[Task input Boundary: Start]

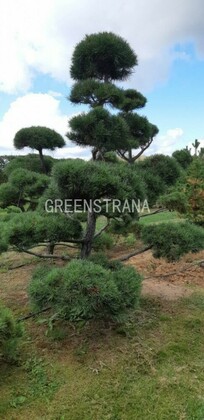 Бонсай - сосна обыкновенная 'Pinus silvestris'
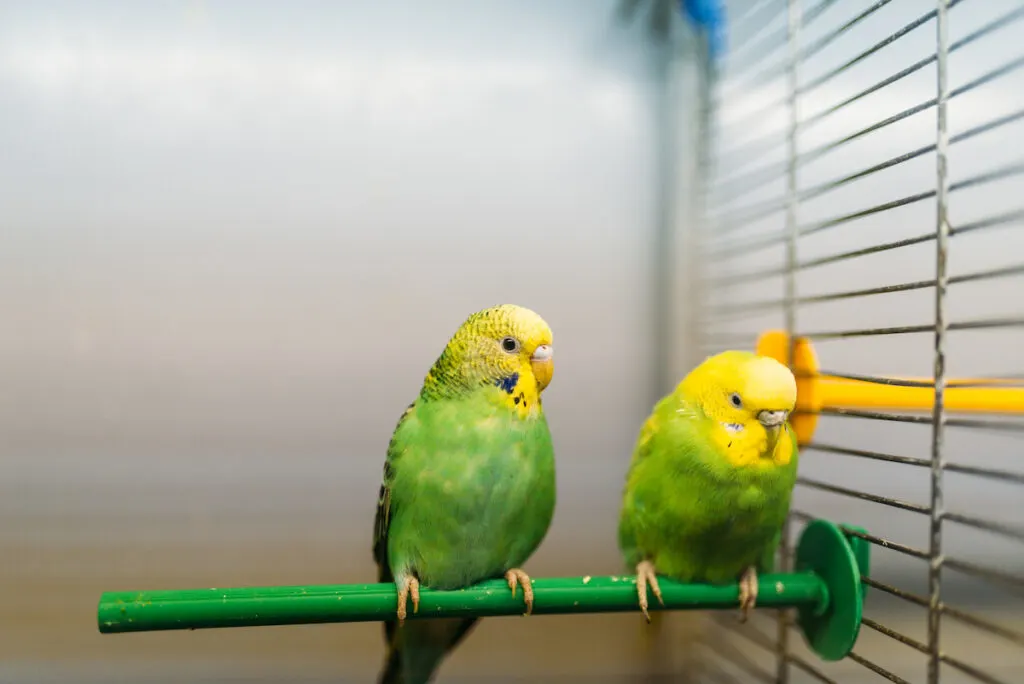 two parrots sitting on a green stick inside a cage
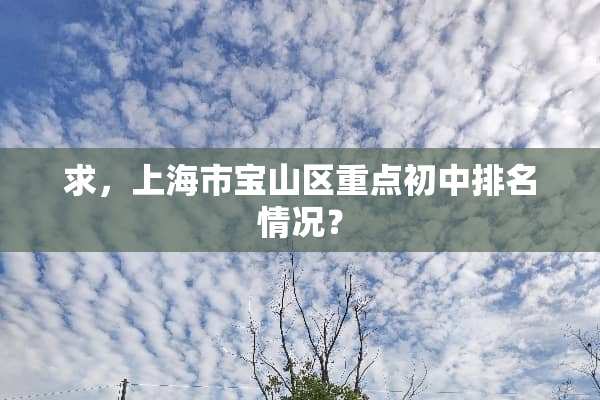 求，上海市宝山区重点初中排名情况？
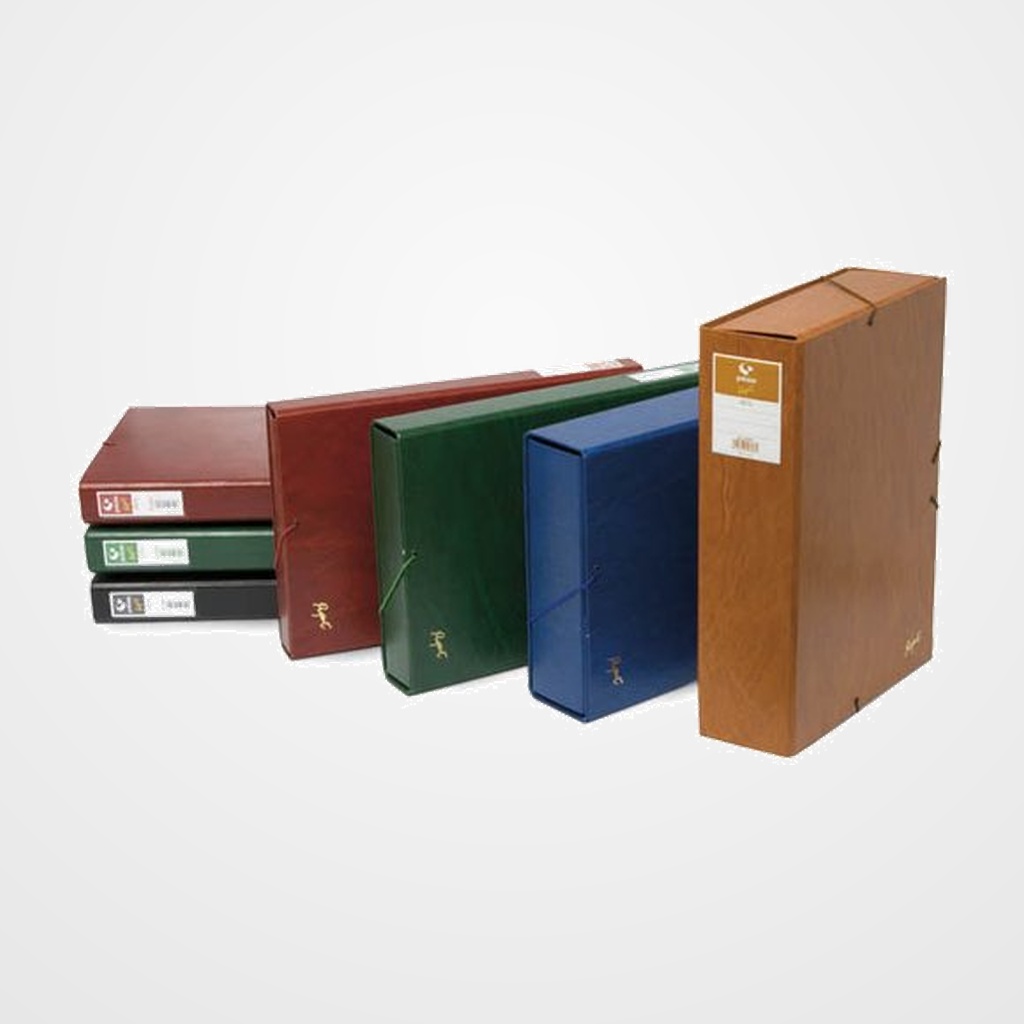 CARPETA de PROYECTOS GRAFOPLAS PROJECT CARTON FORRADO PVC Fº GOMAS 9 cm VERDE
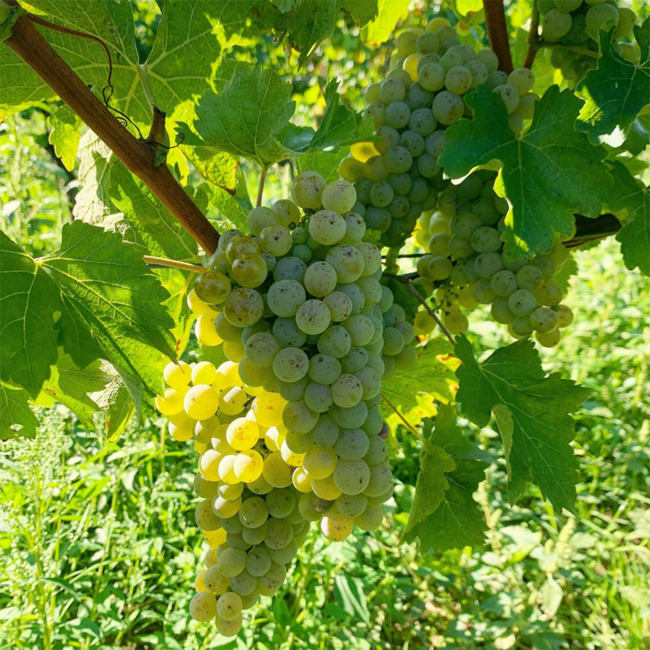 Weißburgunder Carnuntum DAC 2024 0.75 l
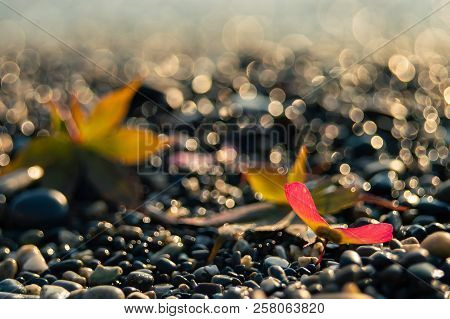 Maple Leaf On The Shore Of Autumn Bokeh Helios Background Texture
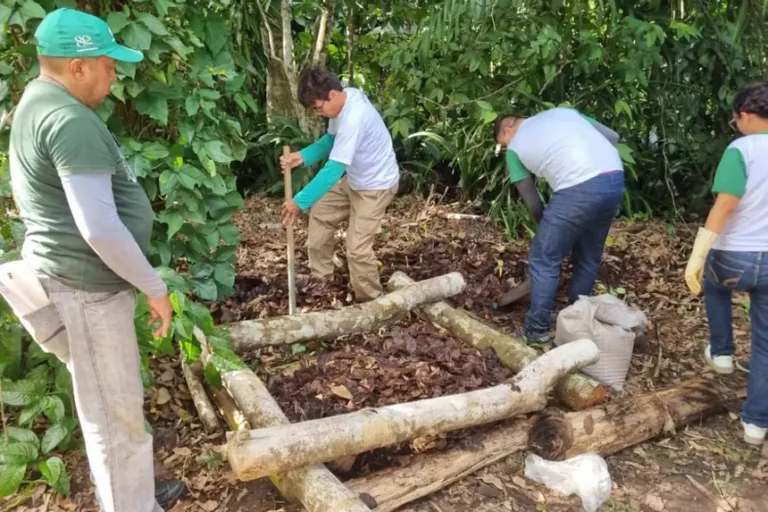Iniciativa inovadora do governo transforma restos de comida em adubo e vira sucesso de educação ambiental no Pará.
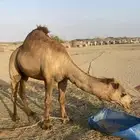 للبيع قعود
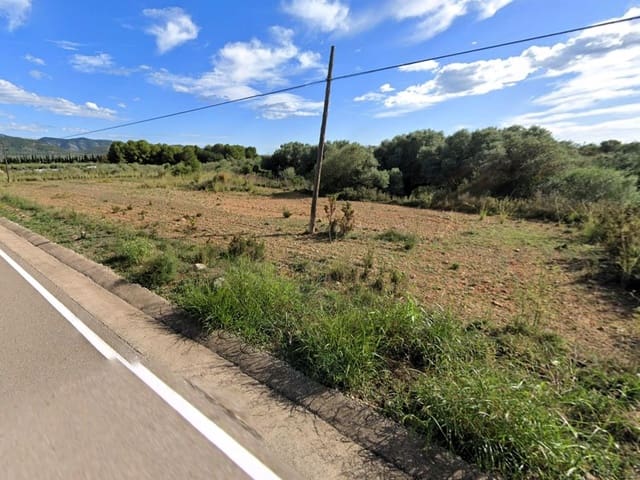 Ubebygd land til salgs i Alcalà de Xivert pueblo, Alcalá de Xivert - € 15 000 (Ref: 8363264)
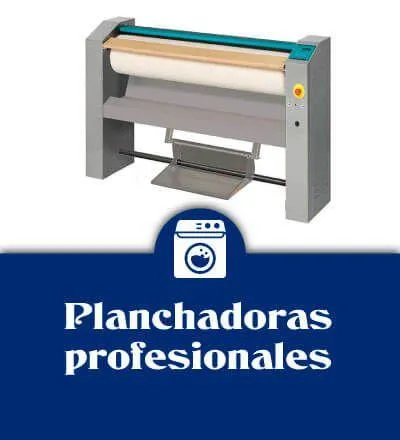 Planchadoras profesionales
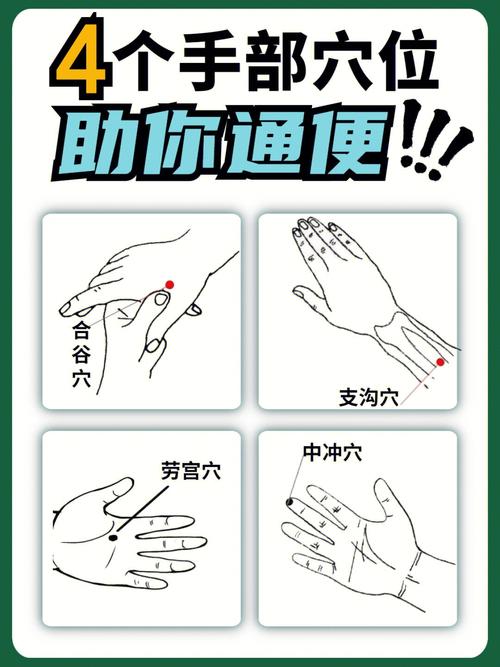 便秘应该按什么穴位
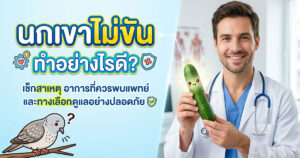 นกเขาไม่ขัน ทำอย่างไรดี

[Task input Boundary: End]

Task directions:
Everything in the material above must be repeated exactly, apart from its pictures.

Solved problem:
 Бонсай - сосна обыкновенная 'Pinus silvestris'
 two parrots sitting on a green stick inside a cage
 求，上海市宝山区重点初中排名情况？
 CARPETA de PROYECTOS GRAFOPLAS PROJECT CARTON FORRADO PVC Fº GOMAS 9 cm VERDE
 Weißburgunder Carnuntum DAC 2024 0.75 l
 Maple Leaf On The Shore Of Autumn Bokeh Helios Background Texture
Iniciativa inovadora do governo transforma restos de comida em adubo e vira sucesso de educação ambiental no Pará.
 للبيع قعود
 Ubebygd land til salgs i Alcalà de Xivert pueblo, Alcalá de Xivert - € 15 000 (Ref: 8363264)
 Planchadoras profesionales
 便秘应该按什么穴位
 นกเขาไม่ขัน ทำอย่างไรดี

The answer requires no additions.